Originally released in 2001 on CD by Secretly Canadian, this epic and eerily-addictive album is revered as a dark pop classic of the Midwest underground. Record in Red is an album that has become a touchstone for damaged pop acolytes wanting to ferret out of one another just how twisted their fellow music lover's tastes are. It is Marmoset's finest moment and is now being released on vinyl for the very first time (with free digital download). The music of Record in Red sounds like it comes from a short, golden moment when the Seventies bled into the Eighties and from that place where melody and tone collude to seduce a truth from the darkside of the Midwestern urban experience. It is a hazy and brutal reality that evokes the strangest of nostalgias. The vocals and melodies are delicate, restrained, strange and somehow dissociative.
The final effect is nothing short of a poignantly psychotropic Velvet Underground-esque journey on a seriously heavy dosage of painkillers. Bald, minimally-structured percussion and moody vocals blend by the masterful hand of songwriter Jorma Whittaker (whose songs & vision disproportionately dominate this second full-length by the Indianapolis trio), giving the impression of being underwater - literally or chemically. Witness Marmoset's slow, syrupy, crackling sound as it builds relentlessly toward a final and impossible intensity that is known simply as Record in Red.
Five years is a long time. Five years is an excruciatingly long time for a band like Marmoset, who reside in a city referred to-often derisively-as Naptown. Somehow this band has managed to bottle into one album all of the idiosyncrasies and pathos that have made them the critically-acclaimed band we all love. Merging the Swell Maps-inspired tumultuous clamor of their debut EP Hiddenforbidden, the addictive two-minute anthems on Today It's You, and the epic joyful dirges from Record in Red, Florist Fired has it all.
Although principal songwriter Jorma Whittaker possesses an encyclopedic knowledge of Beatles-esque melodies, Florist Fired leaves listeners with the unmistakable feeling that Marmoset owes much more to a Richards-led Stones swagger- without the budget or access to premium pharmaceuticals. In contrast to the seemingly lecherous, self-loathing Whittaker gems, guitarist Dave Jablonski offers up detached ethereal odes like a man with his head truly in the clouds.
The idea of being a traditional, functioning band has never quite caught on with Marmoset. Their live shows and behind-the-scenes breakdowns are spiritually aligned with the likes of Brian Jonestown Massacre; but unlike BJM, the music you hear from Marmoset is pure sound vérité. No need for a ballyhoo project like Dig!- although the tales Marmoset could tell would certainly make for riveting viewing. Until the public is ready for such a trip into the madness, tension and ecstasy that is Marmoset, Florist Fired will serve quite nicely as their chariot on the road towards canonization .
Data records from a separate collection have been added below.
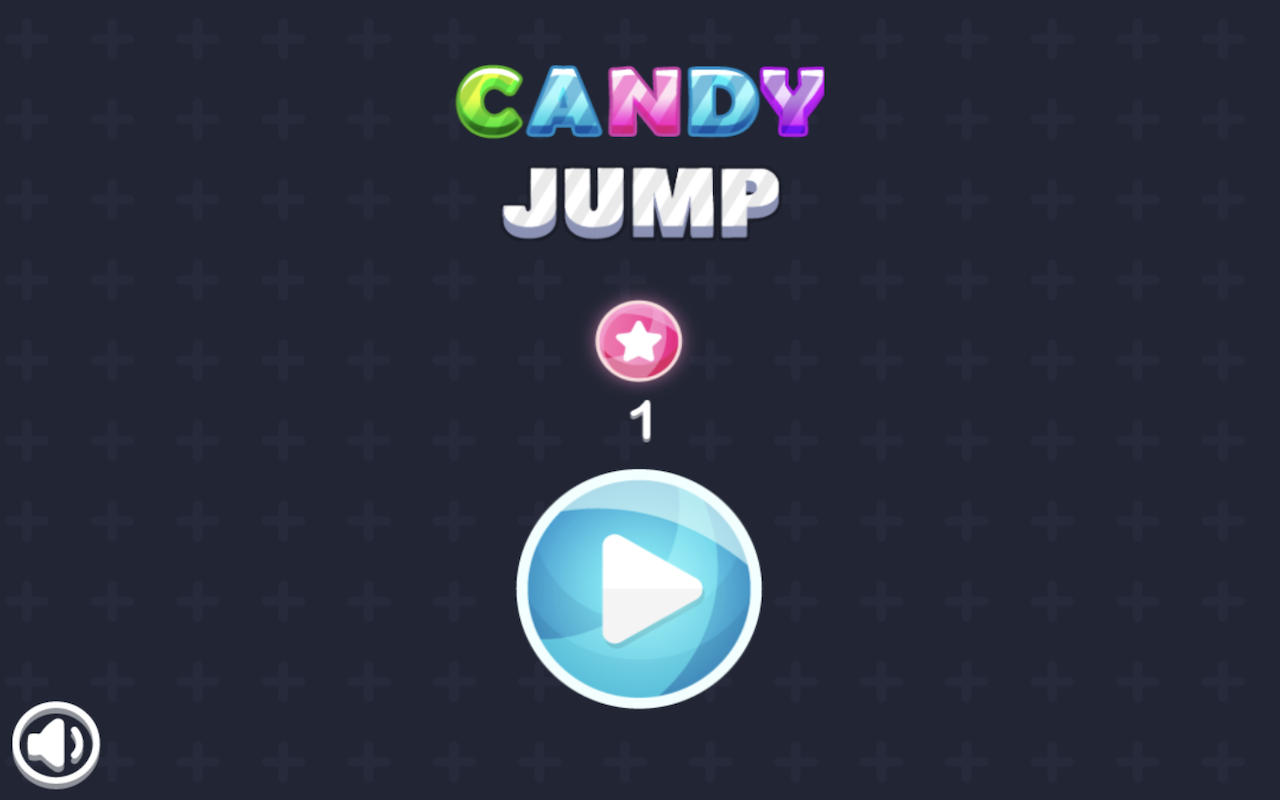 Candy Jump Unblocked chrome谷歌浏览器插件_扩展第1张截图
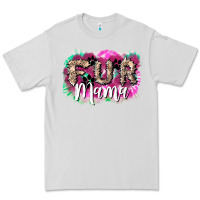 Fur Mama Mother's Day Premium Tee | Teevron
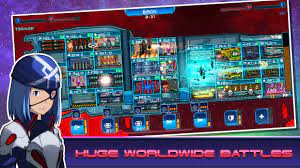 From a humble kickstarter campaign . Pixel Starships Hyperspace Apk V0 983 1 Mod Dinero Ilimitado Descargar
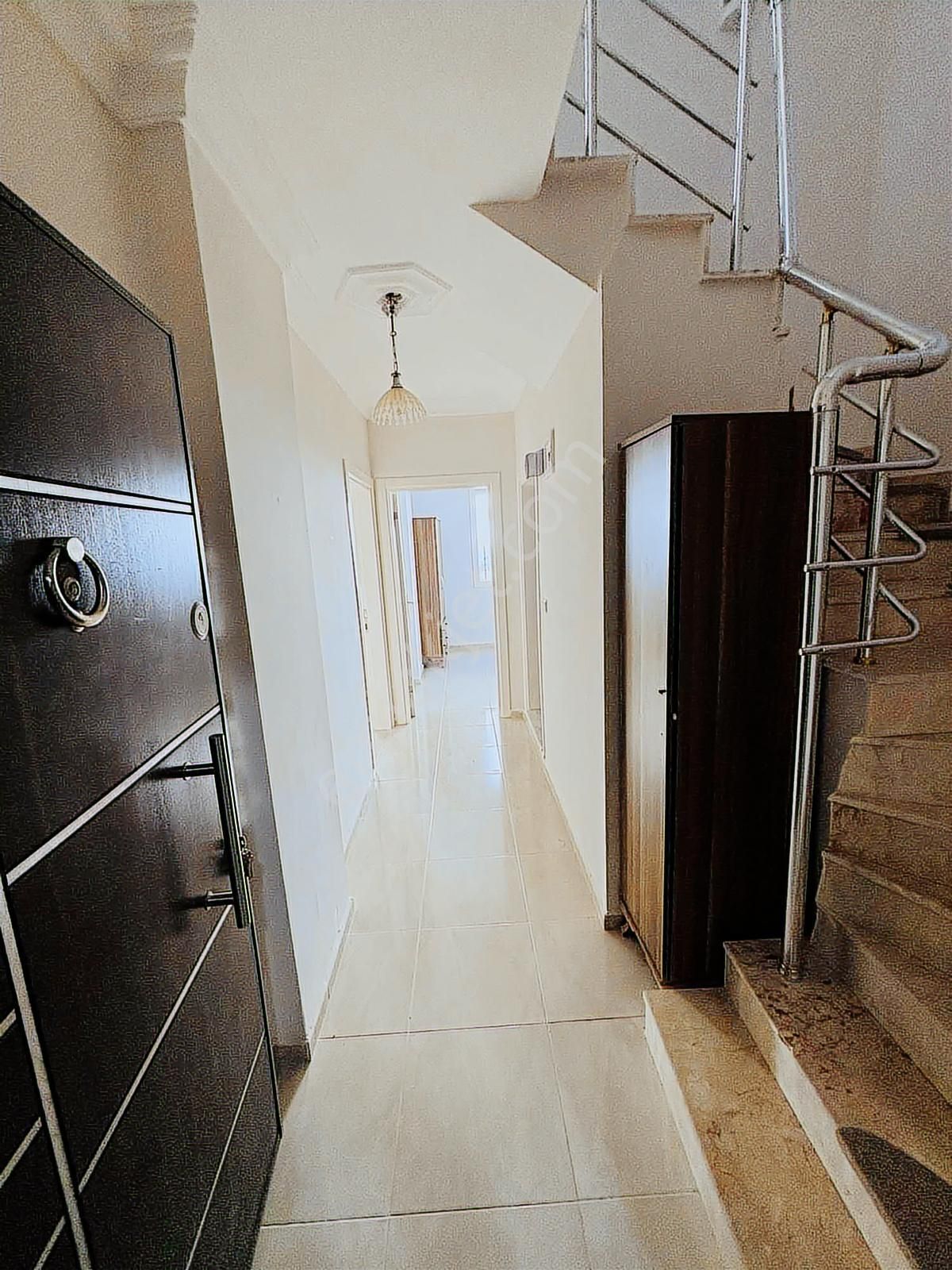 Didim Çamlık Mahallesinde Satılık 3+1 Dubleks Daire - Görsel 18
So we're presented with another glorious entry in the ever-unfurling Marmoset saga. What began as a wondrous blend of bedroom atmospherics and alley-side narcolepsy has slowly brewed into one of the most exciting experiments in moody adult pop since Brian Eno divorced himself from Roxy Music, John Cale spent his melody on PARIS 1919, and Richard Davies united the globe in a lasting world-peace with TELEGRAPH. With this wonderful 8-song EP, Marmoset ought to keep its ever-increasing fandom both pleased and rabid-as-ever until its next full-length outing, the follow-up to their critically acclaimed RECORD IN RED. For the uninitiated, Marmoset is a three-piece from Indianapolis, Indiana, composed of two primary songwriters Jorma Whittaker & Dave Jablonski whose tunes evoke the same sort of claustrophobic mood that Syd Barrett and Big Star created in their respective world corners a few decades ago, but with a subtle post-punk consciousness which is the distinguisher that separates Marmoset from such idyllic peers as Belle & Sebastian and Badly Drawn Boy.
Release date: 02/12/02
At times disturbing and uncomfortable, Marmoset present their tales of street walking, dope seeking and titty clubs in precise and pop-formatted doses. On their debut EP HIDDENFORBIDDEN critics painted Marmoset, despite the under-two-minute-mark in which their songs traveled, as a brooding and slightly twisted group borrowing from early Sonic Youth. Still, Marmoset's delightful pop sensibility is undercut by a dark underbelly that keeps the songs hanging in a complex zone of romance and reality, sharing more a vibe stylistically similar to Felt, Syd Barrett and early Roxy Music, while mixing the over-the top pomp production of SOME GIRLS-era Rolling Stones with feet planted firmly in the ALIEN LANES living room. Undoubtedly, with TODAY IT'S YOU, Marmoset finds itself on the cusp of a very dirty sleeve.